Thursday, December 03, 2009

Dispatch 50 North Minerva Reef

Nov 6 - Nov 12, 2009
Minerva Reef is a place we have both dreamed about for years. The
description of it always made us curious to see it and, as it is en route to New Zealand, it is frequently a stopping off point for yachts. Before we arrived, 22 yachts had been anchored inside the reef. There are both
North and South Minervas. They are the remains of old atolls which
have all but sunk into the sea leaving a very dangerous navigational obstacle, a nearly circular
reef which doesn’t even show at high tide. At low tide, the reef is visible a couple feet above the level of the ocean. There is one area of small sand beach and a navigational light
placed here by Tonga, the
titular owners of the reefs. When we approached by sea, it appeared to be a hole in the ocean which was calm; the boats anchored there looked for all the world like they were anchored in the middle of the ocean. While we had considered carrying on past the reef as our passage was going well, we decided to stop and have a look.

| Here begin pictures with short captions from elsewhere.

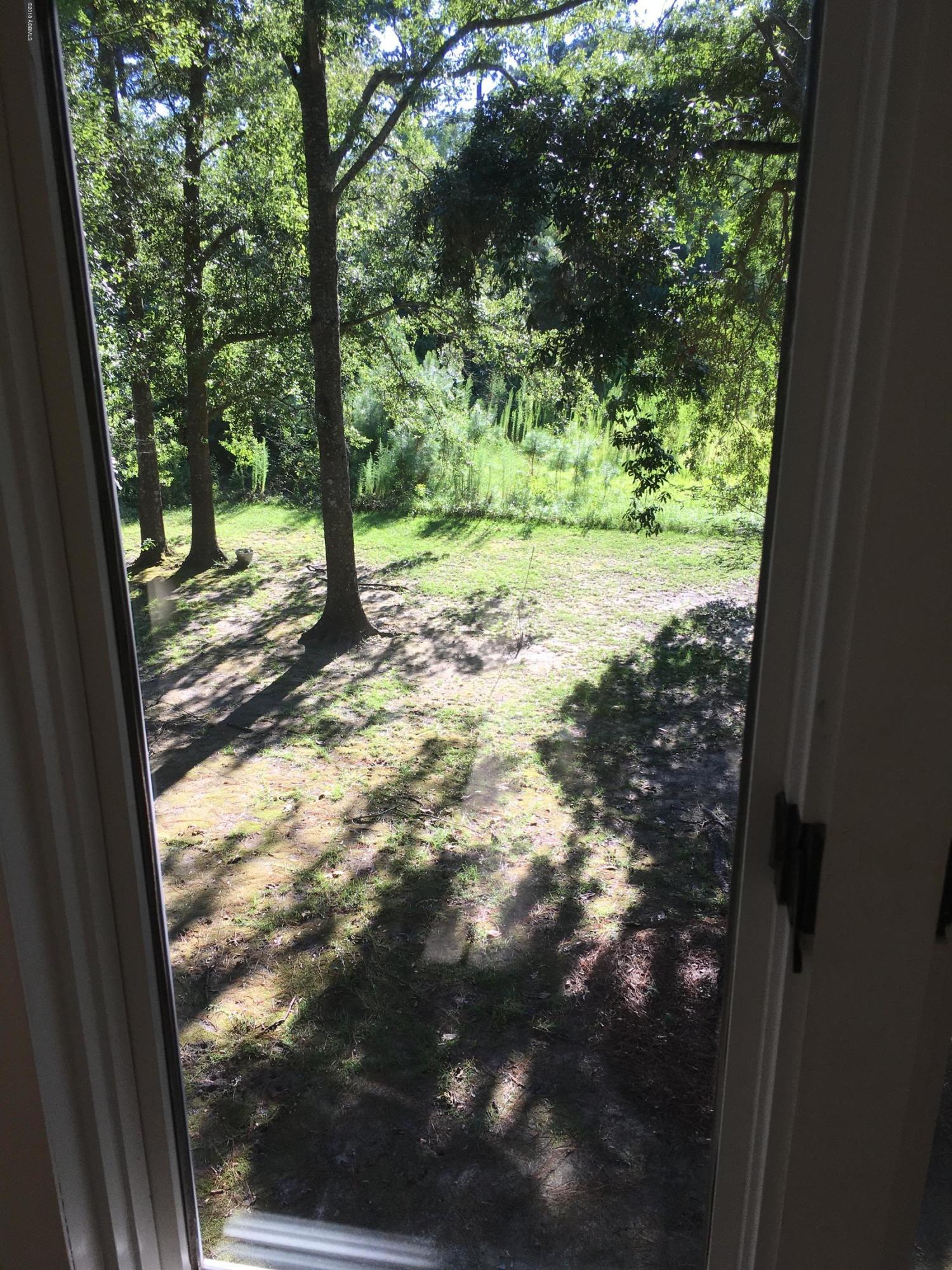 159 Brickyard Point Road South, Unit C Beaufort, SC 29907 - Photo 7 of 14 view from sunroom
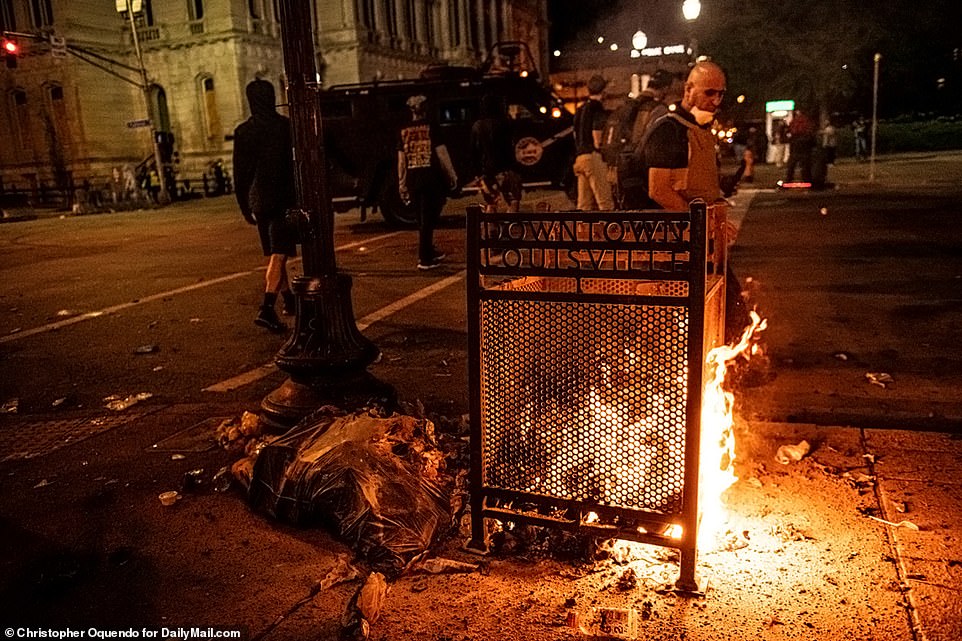 Protesters pass by a burning pile of trash as tensions boiled over in Louisville's downtown area on Wednesday night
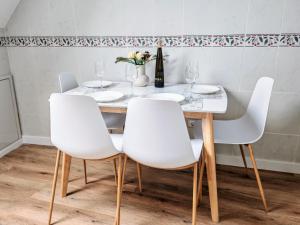 a dining room table with four white chairs and a white table at Peralto Playa in Boiro +17 photos
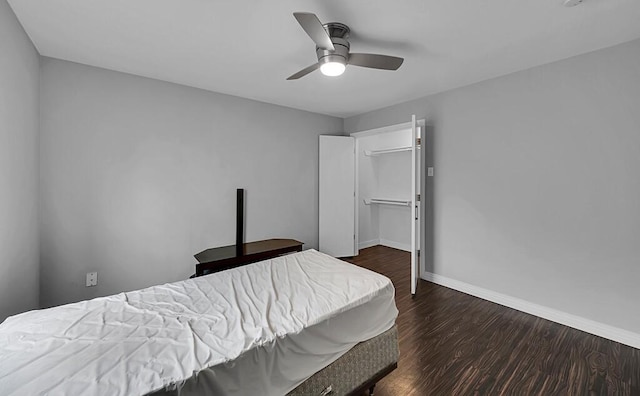 bedroom featuring baseboards, dark wood-type flooring, and ceiling fan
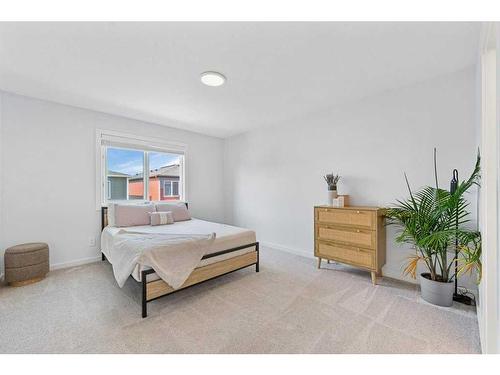 28 Walcrest Row Se, Calgary, AB - Indoor Photo Showing Bedroom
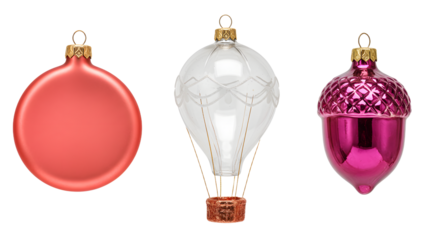 Set of colorful Christmas ornaments including red bauble, white hot air balloon-shaped decoration, and pink acorn, perfect for festive holiday decor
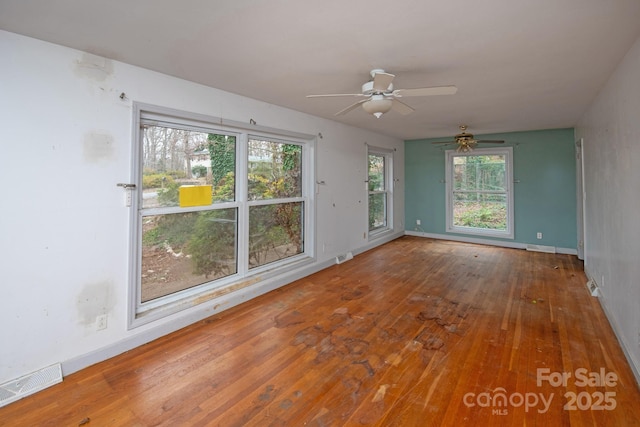 unfurnished room with hardwood / wood-style flooring and ceiling fan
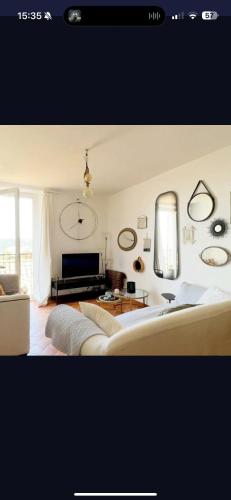 - un salon avec un grand canapé et une horloge murale dans l'établissement Charmante maison de village haut de cagnes, à Cagnes-sur-Mer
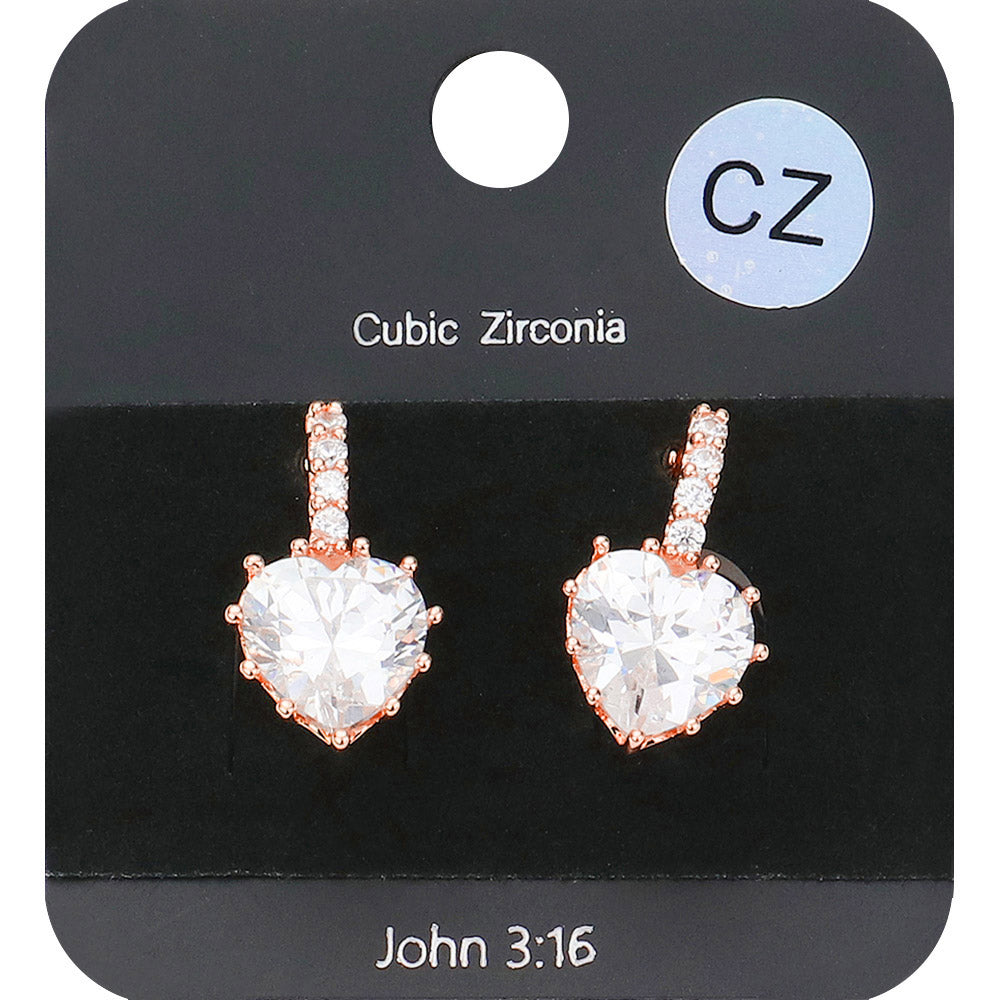 Rose Gold CZ Heart Evening Huggie Earrings. Made with stunning CZ stones, these elegant earrings are perfect for any evening occasion. The huggie design ensures a secure and comfortable fit, while the heart shape adds a touch of romance. Upgrade your jewelry collection with these must-have earrings.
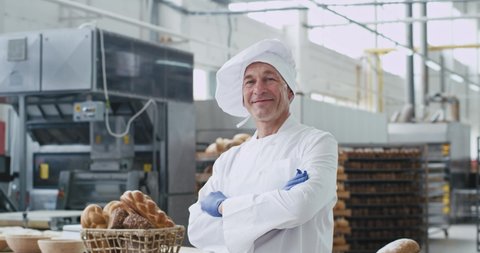 Old man baker portrait looking straight to the camera in a big bakery industry he enjoying the time at his work place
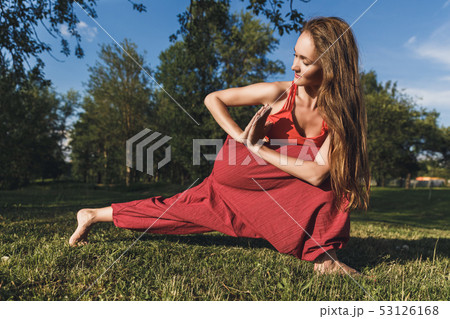 Young woman doing yoga exercises in the summer city park. Health lifestyle concept. 53126168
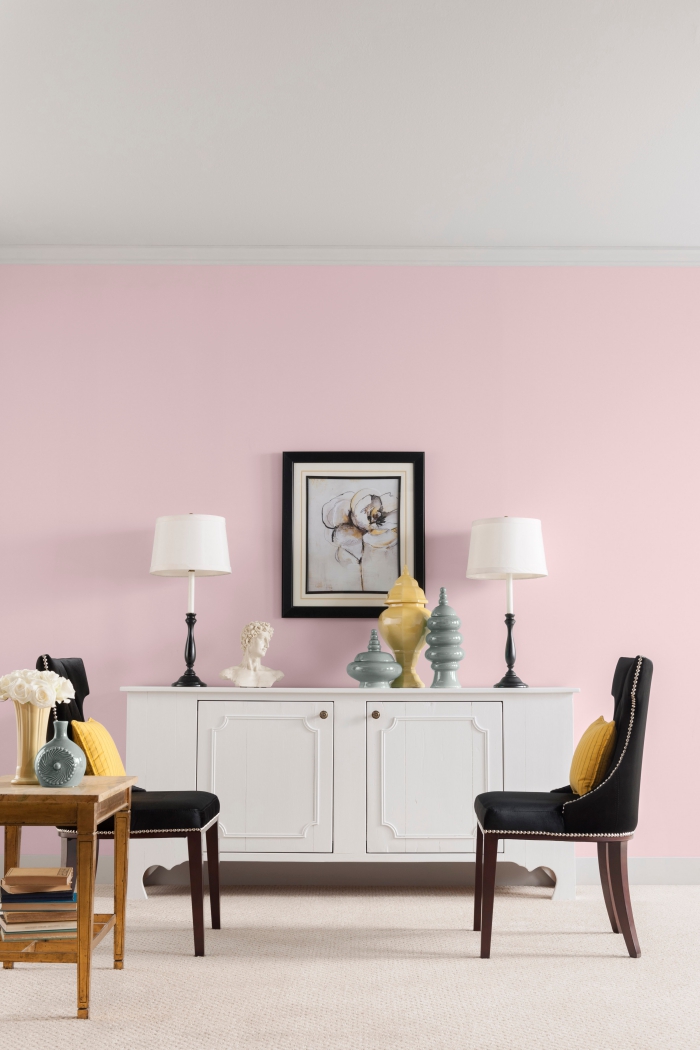 aménagement salon aux murs de peinture rose poudré avec plafond blanc et grand tapis beige, armoire blanche avec poignées dorées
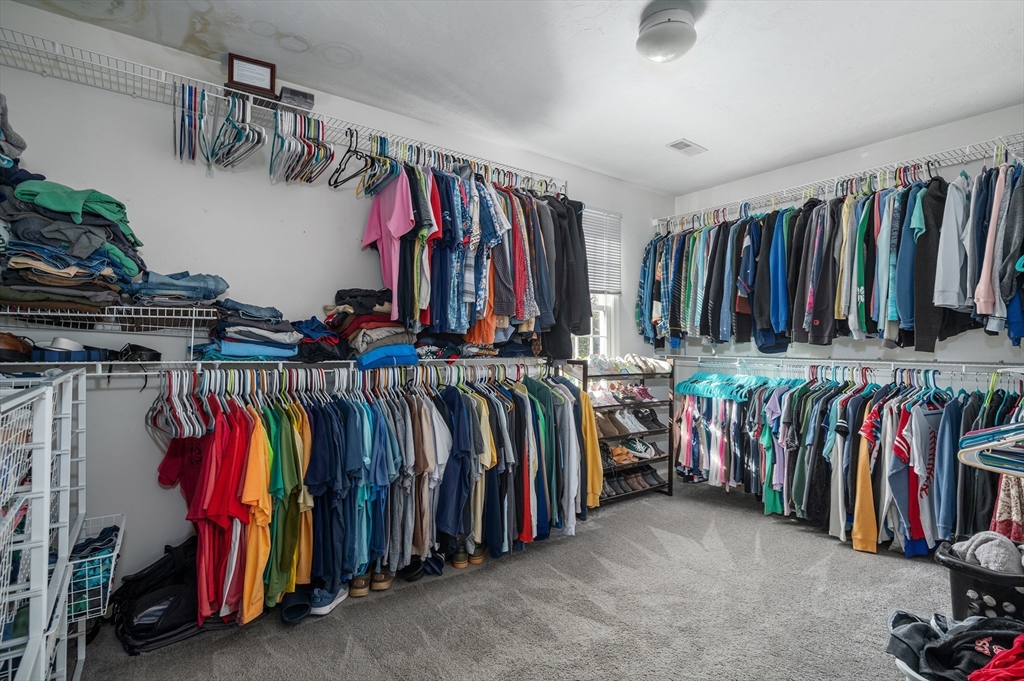 4 Horseneck Road Shrewsbury, MA 01545 - Photo 19 of 33 a view of walk in closet with clothes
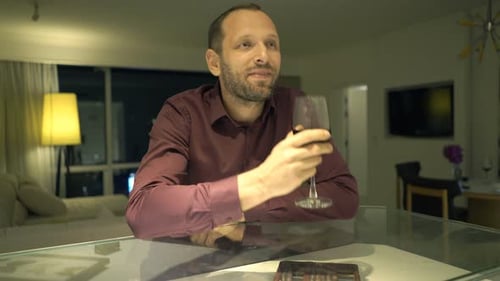 Man Relaxing and Drinking Wine at Home at Night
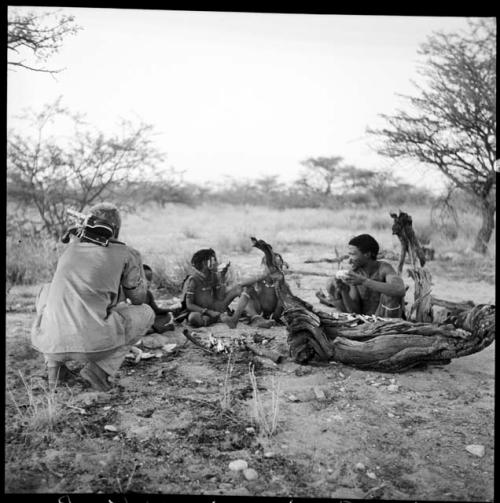 Group of people sitting, with John Marshall crouched next to them, his camera on his back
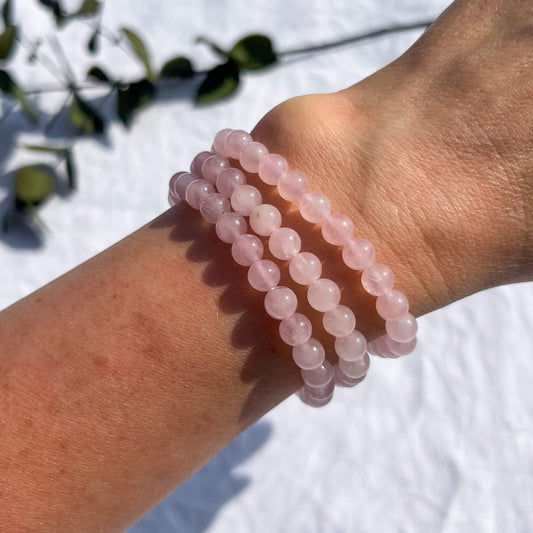 A lady's wrist sporting 3 pink coloured rose quartz crystal bead bracelets
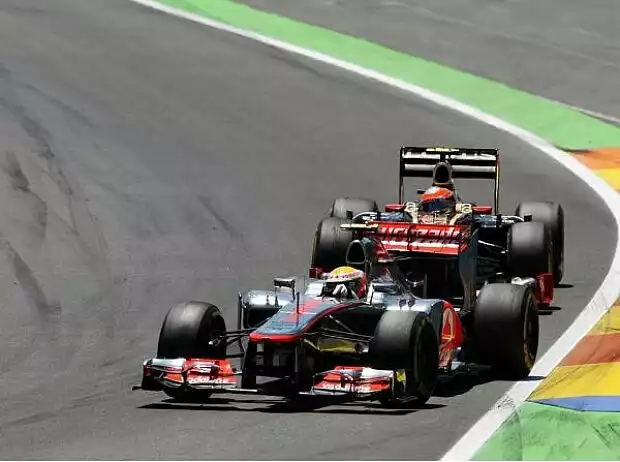 Titel-Bild zur News: Romain Grosjean, Lewis Hamilton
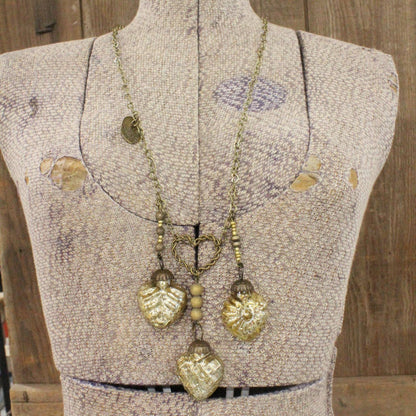 Collar retro de oro viejo "Tres veces el amor"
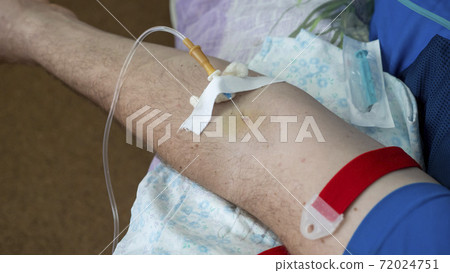 Work of doctors in the infectious diseases Department. Medical worker in protective clothing. 72024751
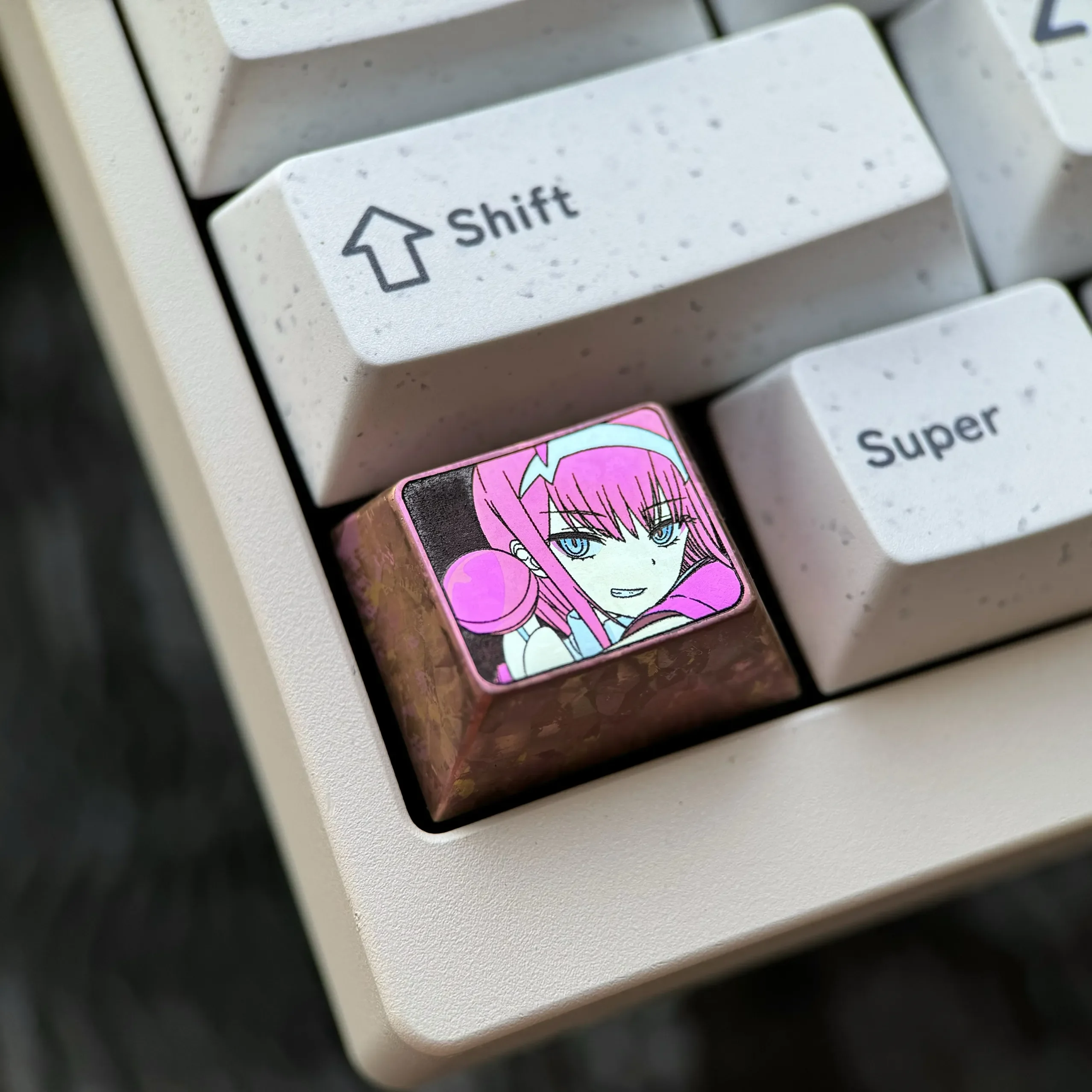 Close-up of an artisan Zero Two Titanium Keycap, highlighting its premium titanium alloy and vivid metallic finish as a custom Ctrl key.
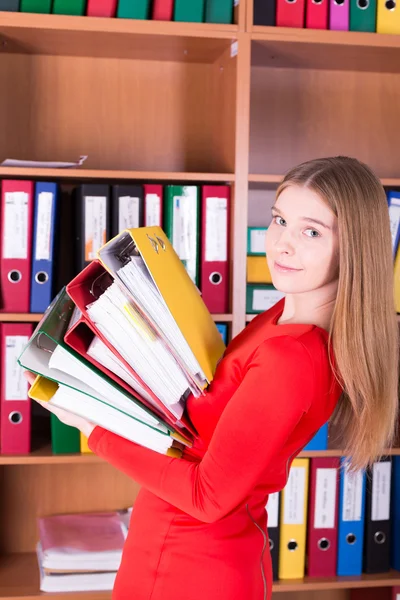 Attractive smiling woman with stack of folders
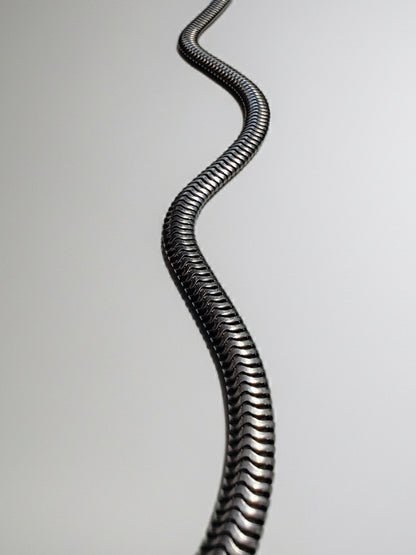 Heavy sterling silver snake chain necklace strung out on a white background, showing its tight, wave-like links.
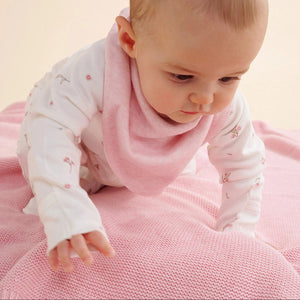 Soft pink organic cotton baby blanket with ribbed trim, and a baby crawling across it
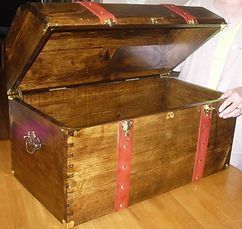 A wooden trunk with the lid open is sitting on a wooden table.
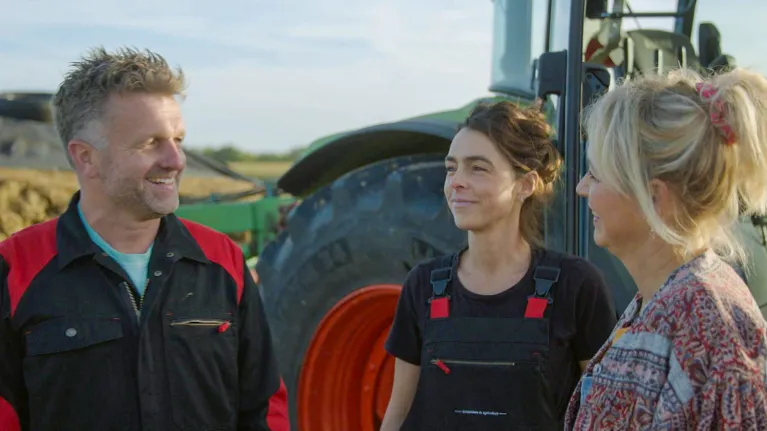 drie mensen voor een tractor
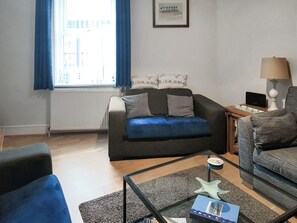 A living room with a sofa, a coffee table, and a lamp.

We had left Nuku’alofa in a very good wind on a very rainy day. The passage here was notable for reasonable winds and seas and gloriously, no seasickness!

Within North Minerva were anchored some boats that were friends of ours including our
friends of 4 years, Bruce and Alene on a boat called Migration. We pulled in, anchored (there is room for probably hundreds of boats here) and were immediately invited for hot showers and dinner aboard Migration. We had made dinner for them upon arrival to Nuku’alofa after their passage and it is such a luxury to be treated so well when one is sleep deprived and exhausted. We accepted. The next day we had a jubilant visit from them to invite us to a party the following day. With a little encouragement, they finally told us the reason for the party—they had become engaged that very morning! Bruce, ever the trickster, had thrown a bottle overboard with a message in it. He got Alene to notice the bottle and they fished it out. The
message said, “WYMM” (will you marry me) and she had said an enthusiastic “yes”! While we walked on the reef that afternoon, we told them that some other friends of ours also anchored here at Minerva were both ship’s captains and had performed a wedding ceremony at Suwarrow, legally marrying another cruising couple. Their eyes lit up but they needed to think about it more.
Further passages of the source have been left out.